Sarquiz remarcó que en 1968 Onganía relevó a la cúpula de las tres fuerzas y el nuevo comandante de la Fuerza Aérea, Jorge Martínez Zuviría no estuvo de acuerdo con lo que se había hecho hasta el momento y decidió reabrir, en el máximo de los secretos, la investigación. Entre 1968 y 1971 tres oficiales se ocuparon del caso. En 1970 viajaron a Panamá.
Uno de los documentos que Sarquiz rescató fue un informe elaborado entonces, que determinaba que el avión habría desaparecido en territorio panameño y que los elementos que se habían encontrado en el mar bien podrían haber sido arrastrados por la corriente de los ríos que nacían en la selva y que desembocaban en el océano. En el mismo sentido, los investigadores alertaban sobre una cuestión sensible: ellos evaluaban que habría existido una posibilidad de sobrevida de los que viajaban en el avión.
El tiempo pasó. Las escasa pruebas y documentación se perdieron el 5 de diciembre de 1980 cuando se derrumbó un ala del Edificio Cóndor, donde justamente funcionaba el Departamento de Prevención de Accidentes. No se sabe por qué pero el expediente no se reconstruyó.
El tiempo siguió pasando. Los padres de los cadetes fallecieron y tomaron la posta hijos y hermanos. Cecilia Viberti, hija de Esteban Viberti, segundo piloto del TC-48 hizo en el 2001 el primer viaje. Haría tres y en dos recorrería la selva. Fue un esfuerzo muy grande. Cada búsqueda suponía un desembolso de, por lo menos, mil dólares. Además, había que plastificar mapas, armar botiquines con sueros, hasta secar carne para llevar como alimento.
Eran tres días de caminata por lugares en donde no se ve el cielo. En este tipo de expediciones, disponían de sólo dos días para efectuar la búsqueda en una selva muy tupida.
Aprovechaban los lechos de los riachos y aún así demoraban ocho horas en recorrer un kilómetro en un ambiente en el que guía, antes de ingresar, le pide permiso a la montaña, y en donde está prohibido matar a cualquier animal. Los períodos de búsqueda en la selva se resumían en la época de Semana Santa, en la que no llueve y un par de semanas en octubre.
Los familiares enviaron cartas a todos los gobiernos para que se retomase una investigación seria. Comenzaron con Illia, continuaron con Onganía, Lanusse, Alfonsín, Menem y Kirchner hasta el inicio del Operativo Esperanza, desarrollados en 2008, 2009, 2010, 2012 y 2013, en los que la Fuerza Aérea envió, en cada expedición dos integrantes de sus fuerzas especiales con el propósito de localizar el avión. En una de las misiones, hallaron vestigios de una civilización precolombina.

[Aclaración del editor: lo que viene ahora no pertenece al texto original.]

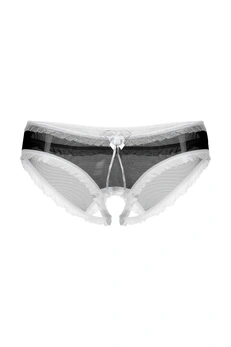 Gaćice otvorene crno-bele-M / L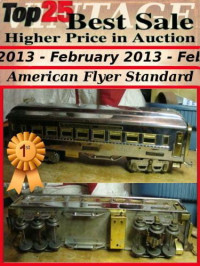 GOULET, Francois — Top25 Best Sale: Higher Price in Auction: February 2013 American Flyer Train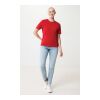 IQONIQ Sierra Lightweight T-Shirt aus recycelter Baumwolle rot | XXS | ohne Werbeanbringung | Nicht verfügbar | Nicht verfügbar | Nicht verfügbar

Sarquiz entrevistó a pilotos, algunos de ellos de esa época y luego de pacientes pedidos de acceso a la información pública, accedió a documentos que hasta el momento no habían salido a la luz, como un memorándum del brigadier Carlos Alberto Rey -quien en 1970 relevó a Zuviría- en el que solicita al ministro de Defensa autorización para enviar a Panamá una misión, al considerar la posibilidad de que hubiera sobrevivientes.
El comodoro retirado corroboró el contenido de manuscritos sin firma de uno de los investigadores que aportan detalles inéditos a la causa.
También halló documentos del ministerio de Relaciones Exteriores argentino con instrucciones a la embajada en Costa Rica para que ese gobierno no prestase apoyo a los familiares que encaraban su propia búsqueda.
Sarquiz se lamentó estar frente a una tarea inconclusa, no solo para determinar con certeza por qué cayó el avión, sino para desentrañar el espeso velo de aquel último vuelo del TC 48, que aún encierra demasiados misterios.